An expert group, building on the findings of the National Remote Work Surveys and stakeholder consultations, has called on the Government to introduce a range of measures to support continued remote working.
The Group made up of representatives from the NUI Galway Whitaker Institute, the Western Development Commission (WDC), and industry met with various companies, key employer and employee representative organisations and policy stakeholders throughout 2020 and has identified several recommendations for both organisations and government.
While the report was written during the COVID-19 pandemic, which has acted as a catalyst for identifying the opportunities and challenges of remote working, it is aimed at identifying policies and practices which will support remote working in a post pandemic environment. The report draws on remote working experiences from several companies who have well-established remote working practices before COVID-19.
The report includes case studies and survey findings from a number of both large and small organisations including Cisco, Ervia, MHP Solicitors, Togán Labs and Employflex.

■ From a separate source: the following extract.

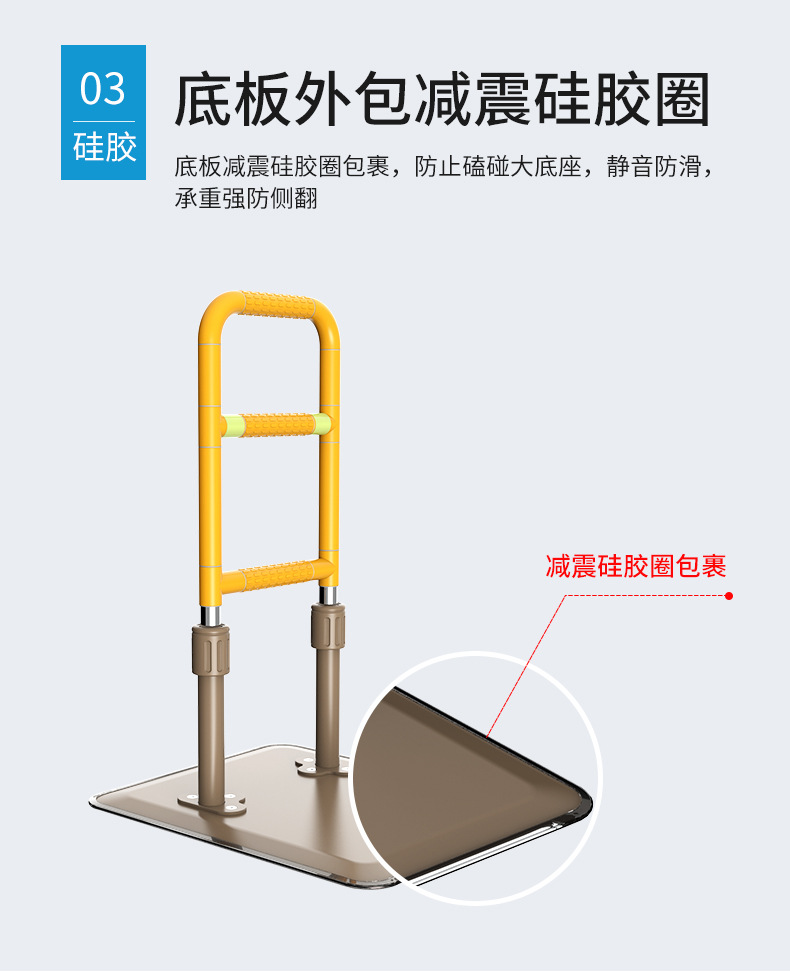 5301A改_09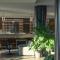 MOVE Hotels Venezia Nord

Sinéad Redmond, Chief Operating Officer of Togán Labs, a small tech company operating on a fully remote basis says “ We are scattered around the country, with the majority of our people living rurally, one of the great benefits of remote working cultures being the possibility of reinvigorating rural communities and opening up life outside the standard 6.30am commuter run to a city. I love remote working for what it’s given me back – so much more time in my day I used to lose to commuting and trying to do all the preparation work of being out of the house for the day.”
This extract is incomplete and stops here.